이 때, 상기 발음기호 음소 중 중성(中聲)의 발음기호 음소의 가중치가 상기 발음기호 음소 중 초성(初聲) 및 종성(終聲)의 가중치보다 높게 하는 것이 바람직하다.At this time, it is preferable that the weight of the neutral phonetic phoneme of the phonetic phoneme is higher than the weight of the initial and the finality of the phonetic phoneme.

또한, 상기 언어적 파라미터는, 음성 인식 모듈에 의한 상기 음성신호의 인식 결과에 포함되는 각 특수 단어에 대응되는 감정산출계수를 포함하는 것이 바람직하다.In addition, the linguistic parameter may include an emotion calculation coefficient corresponding to each special word included in a result of recognizing the voice signal by the voice recognition module.

또한, 상기 감정 상태 산출단계는, 실제 음높이 평균값과 표준 음높이 평균값과의 차를 상기 표준 음높이 평균값으로 나눈 값에 제1 가중치를 곱한 값과, 실제 음성에너지의 평균값과 표준 음성에너지의 평균값과의 차를 상기 표준 음성에너지의 평균값으로 나눈 값에 제2 가중치를 곱한 값과, 실제 음높이의 표준편차와 표준 음높이의 표준편차와의 차를 상기 표준 음높이 평균값의 표준편차로 나눈 값에 제3 가중치를 곱한 값과, 실제 음성에너지의 표준편차와 표준 음성에너지의 표준편차와의 차를 상기 표준 음성에너지의 표준편차로 나눈 값에 제4 가중치를 곱한 값과, 실제 음소 길이의 평균값과 기준 음소 길이의 평균값과의 차를 상기 기준 음소 길이의 평균값으로 나눈 값에 제5 가중치를 곱한 값과, 음성인식의 결과에 포함된 특수 단어에 대응되는 감정산출계수에 제6 가중치를 곱한 값을 합산함으로써 산출되는 최종 감정상태계수를, 소정의 임계치와 비교함으로써 상기 화자의 감정 상태를 산출하는 것이 바람직하다.The emotion state calculating step may include: a difference obtained by dividing a difference between an actual pitch average value and a standard pitch average value by the first weight multiplied by a value obtained by dividing the difference by the standard pitch average value, and a difference between an average value of actual voice energy and an average value of standard voice energy. Multiplied by the average value of the standard speech energy multiplied by the second weight, and the difference between the standard deviation of the actual pitch and the standard deviation of the standard pitch divided by the standard deviation of the mean standard pitch, multiplied by the third weight. A value obtained by dividing the difference between the standard deviation of the actual voice energy and the standard deviation of the standard voice energy by the standard deviation of the standard voice energy by the fourth weight, and the average value of the actual phoneme length and the average phoneme length. The difference between and is divided by the average value of the reference phoneme length multiplied by the fifth weight, and corresponding to the special words included in the result of speech recognition The final emotional state coefficient that is calculated by the sum of a value obtained by multiplying a sixth weight to the emotion calculation coefficient, it is preferable to calculate the emotional state of the speaker by comparing with a predetermined threshold value.

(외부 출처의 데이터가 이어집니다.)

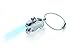 Produktbild TROIKA Schlüsselanhänger mit LED Licht ,,SPEED LIGHT" - KR13-41/CH - Motorrad mit blauer LED - Schlüssellicht - Licht für jedes Schlüsselloch - glänzend, silber - das Original von TROIKA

또한, 본 발명에 의한 음성을 이용한 감정 인식 시스템은, 음성신호 입력부와, 신호처리부와, 음성인식부와, 제어부 및 출력부를 포함하여 이루어지며, 상기 음성신호 입력부는, 화자의 음성을 전기적인 신호로 변환하여 상기 신호처리부 및 상기 음성인식부 중 적어도 하나로 전달하고, 상기 신호처리부는, 상기 음성신호의 음높이의 평균값을 추출하는 음높이 평균값 추출부와, 상기 음높이의 평균값의 변화 정도를 추출하는 음높이 분산(variance) 추출부와, 상기 음성신호의 음성에너지의 평균값을 추출하는 음성에너지 평균값 추출부와, 상기 음성에너지의 평균값의 변화 정도를 추출하는 음성에너지 분산 추출부를 더 포함하며, 상기 음성인식부는, 상기 음성신호의 발화속도를 추출하는 발화속도 추출부와, 상기 음성신호에 포함된 특정 단어를 추출하는 음성인식 결과 추출부를 더 포함하며, 상기 제어부는 상기 신호처리부 및 상기 음성인식부에서 산출되는 상기 음높이 평균값, 상기 음높이 분산, 상기 음성에너지 평균값, 상기 음성에너지 분산, 상기 발화속도 및 상기 음성인식 결과 중 적어도 하나의 파라미터를 이용하여 최종 감정 인식 계수를 산출하고, 상기 최종 감정 인식 계수를 소정의 임계값과 비교함으로써 상기 화자의 감정 상태를 인식하도록 하는 것을 특징으로 한다.In addition, the emotion recognition system using the voice according to the present invention comprises a voice signal input unit, a signal processing unit, a voice recognition unit, a control unit and an output unit, the voice signal input unit, the electrical signal of the speaker voice Is converted to and transmitted to at least one of the signal processing unit and the speech recognition unit, and the signal processing unit includes: a pitch average value extracting unit extracting an average value of the pitch of the speech signal, and a pitch distribution extracting a degree of change of the average value of the pitch; and a variance extracting unit, a voice energy average value extracting unit extracting an average value of voice energy of the voice signal, and a voice energy dispersion extracting unit extracting a degree of change of the average value of the voice energy. A speech rate extracting unit for extracting a speech rate of the speech signal and a specific word included in the speech signal; Further includes a speech recognition result extracting unit, wherein the controller is configured to calculate the pitch average value, the pitch variance, the speech energy average value, the speech energy dispersion, the speech rate, and the speech recognition result calculated by the signal processor and the speech recognition unit. The final emotion recognition coefficient is calculated using at least one of the parameters, and the emotion state of the speaker is recognized by comparing the final emotion recognition coefficient with a predetermined threshold value.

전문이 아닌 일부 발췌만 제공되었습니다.